I have made a regex-statement with named groups that can be used to extract the relevant information from the description-field, something along the lines of:
^(?:(?:Date: (?P<DATE>.+?)\n)|(?:Descr: (?P<DESCR>.+?)\n)|(?:Warning: (?P<WARNING>.+?)\n)+$
again, dummy regex, the actual regex is somewhat more elaborate, but the purpose is to capture three possible groups:
| DATE | DESCR | WARNING |
| 2018/01/01 | This is a test des\ncription | None |
| 2018/01/02 | Another test descr\niption | None |
| 2018/01/03 | None | This is a warnin\ng, watch out |
Now I would want to add the columns that are the result of the regex match to the original DataFrame (i.e. combine the two dummy tables in this question into one).
I have tried several ways to accomplish this, but none have lead to the full solution yet. A thing I've tried is:
def extract_fields(string):
patt = <ABOVE_PATTERN>
result = re.match(patt, string, re.DOTALL).groupdict()
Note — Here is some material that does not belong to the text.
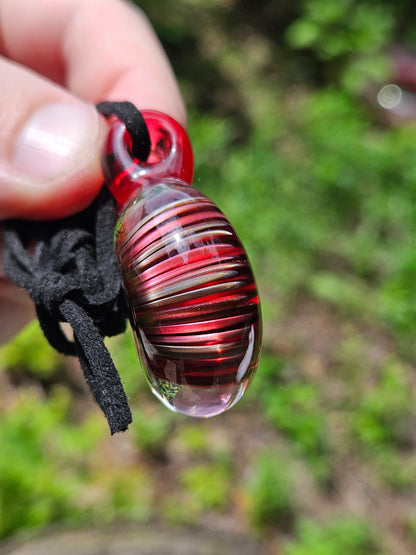 Ruby Slippers & Electrum Implosion Pendant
# Actually, a slight work-around is needed to overcome the None problem when
# no match can be made, I'm using pandas' .str.extract for this now
return result
df.rdd.map(lambda x: extract_fields(x.description))
This will yield the second table, but I see no way to combine this with the original columns from df
. I have tried to construct a new Row()
, but then I run into problems with the ordering of columns (and the fact that I cannot hard-code the column names that will be added by the regex groups) that is needed in the Row()
-constructor, resulting in a dataframe that is has the columns all jumbled up. How can I achieve what I want, i.e. one DataFrame with six columns: id
, type
, description
, DATE
, DESCR
and WARNING
?
Remark. Actually, the description field is not just one field, but several columns. Using concat_ws
, I have concatenated these columns into a new columns description
with the description-fields separated with \n
, but maybe this can be incorporated in a nicer way.